**ENTRIES SUPPLIED:**
┄┄┄┄┄┄┄┄┄┄┄┄┄┄┄┄┄┄┄┄

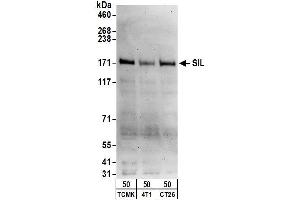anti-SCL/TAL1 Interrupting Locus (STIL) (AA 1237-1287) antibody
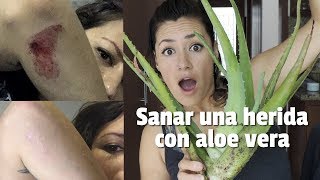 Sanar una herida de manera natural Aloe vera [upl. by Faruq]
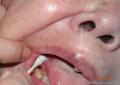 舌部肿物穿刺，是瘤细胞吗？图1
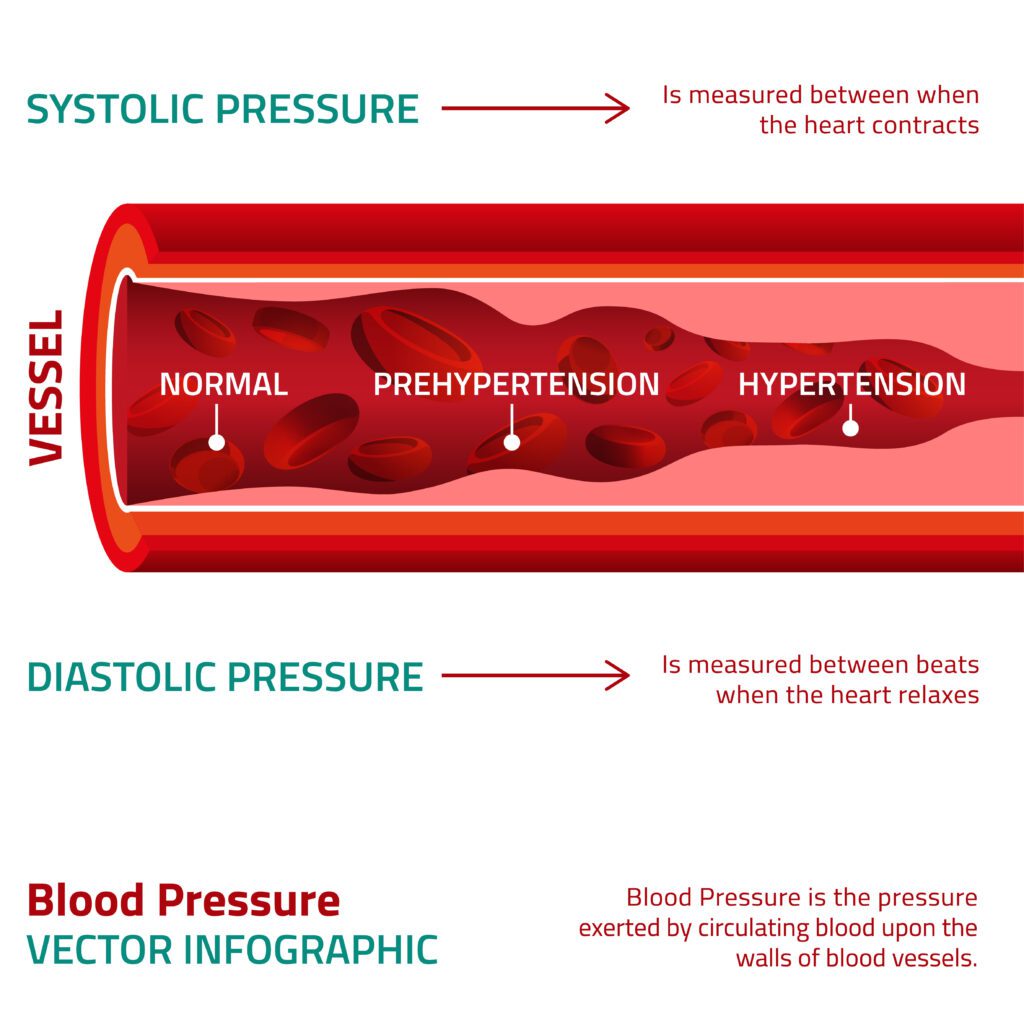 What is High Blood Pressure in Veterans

┄┄┄┄┄┄┄┄┄┄┄┄┄┄┄┄┄┄┄┄

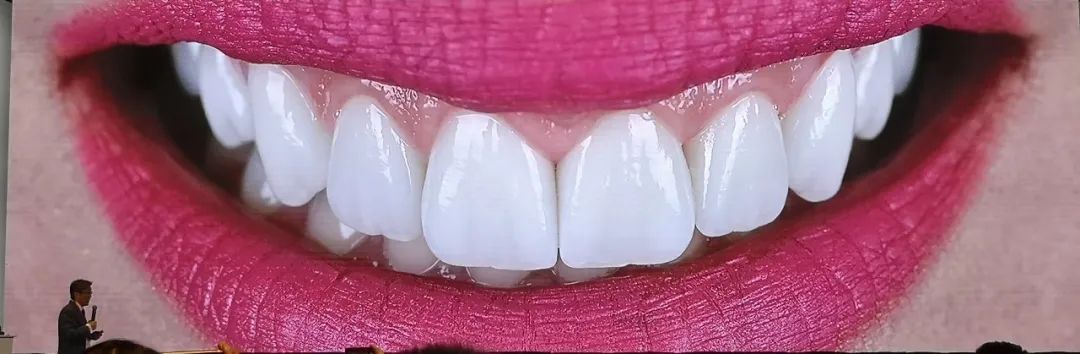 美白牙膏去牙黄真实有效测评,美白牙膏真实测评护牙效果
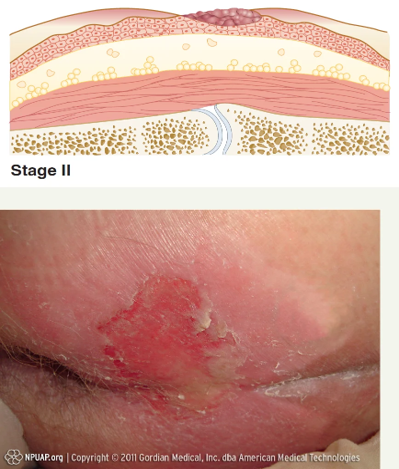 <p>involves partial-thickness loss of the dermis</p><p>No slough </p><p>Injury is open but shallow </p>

┄┄┄┄┄┄┄┄┄┄┄┄┄┄┄┄┄┄┄┄

**INSTRUCTIONS TO FOLLOW:** Would you write out exactly the lines above, starting at the line containing "anti-SCL/TAL1 Interrupting Locus" and stopping after the line containing "What is High Blood Pressure in Veterans"? Omit the pictures.

**RESPONSE FOR THIS EXERCISE:**
anti-SCL/TAL1 Interrupting Locus (STIL) (AA 1237-1287) antibody
 Sanar una herida de manera natural Aloe vera [upl. by Faruq]
 舌部肿物穿刺，是瘤细胞吗？图1
 What is High Blood Pressure in Veterans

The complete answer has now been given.